Derrière, c'est Gilles Simeoni qui a pris le micro, et le président de l'exécutif a fait preuve d'empathie dans sa réponse : "Des artistes de l'Alta Rocca viennent à cette réunion et ils entendent dire qu'il y aura une œuvre pour laquelle ils n'ont pas été consultés. Je comprends l'émotion et je prends ma part de maladresse." Puis il a expliqué comment le projet Hystérésia a atterri à Santa-Lucia-di-Tallà : "Il n'a pas été conçu par rapport au couvent de Tallà mais dans le cadre de la préparation de la candidature de Bastia, Capitale européenne de la culture." Et c'est le président de l'exécutif lui-même qui aurait émis l'idée d'intégrer ce projet à Tallà, "pour lui donner une dimension supplémentaire", a-t-il confié. Sur la somme de 150 000 euros avancée par Chantal Pedinielli, il précise néanmoins : "Nous n'avons rien décidé. Ces 150 000 euros, c'est une ligne budgétaire globale pour l'ensemble des œuvres."

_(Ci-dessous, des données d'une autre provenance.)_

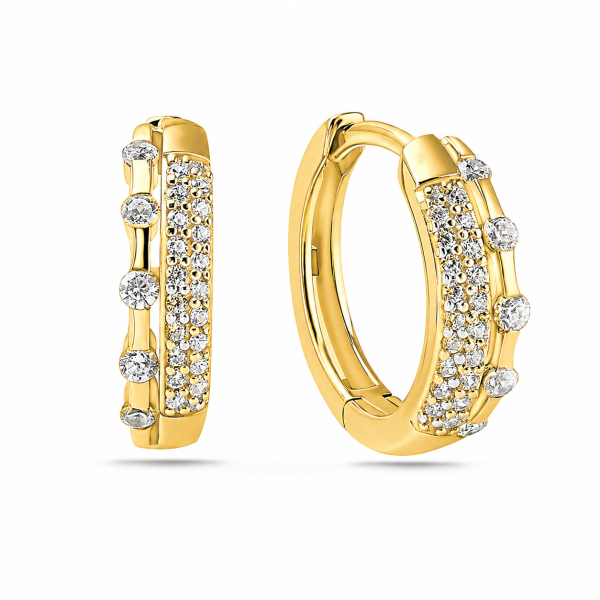 Klappcreolen Ø 14,5mm 48 Zirkonia Silber 925/000 vergoldet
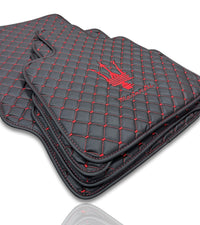 Luxury Leather Car Floor Mats Compatible With Maserati | Fits Ghibli, Quattroporte, GranTurismo, GranCabrio, Levante, Grecale, MC20, MCPURA, 4200 GT & More | Black Leather & Red Stitch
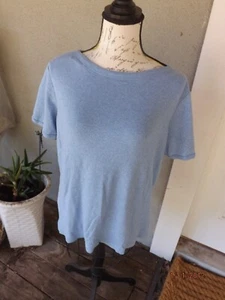 Chico's, Med. Top blu in cotone manica corta, taglia 3 - Foto 1 di 4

Soucieux d'associer tous les acteurs politiques et culturels de l'Alta Rocca autour de ce projet, Gilles Simeoni a annoncé la mise en place d'un nouveau comité de pilotage en janvier, à Tallà, auquel il s'est engagé à participer. Dans l'attente, "je suspends le projet Hystérésia
 et on verra si Tallà est intéressée pour l'intégrer avec l'accord de tout le monde. Car je souhaite que les artistes de l’Alta Rocca soient en première ligne dans la valorisation de leur couvent."
Invité à réagir sur l'engagement de Gilles Simeoni, le maire de Tallà, Jules Bartoli, n'a pas donné suite à nos sollicitations, "pour ne pas nuire à la réunion de janvier".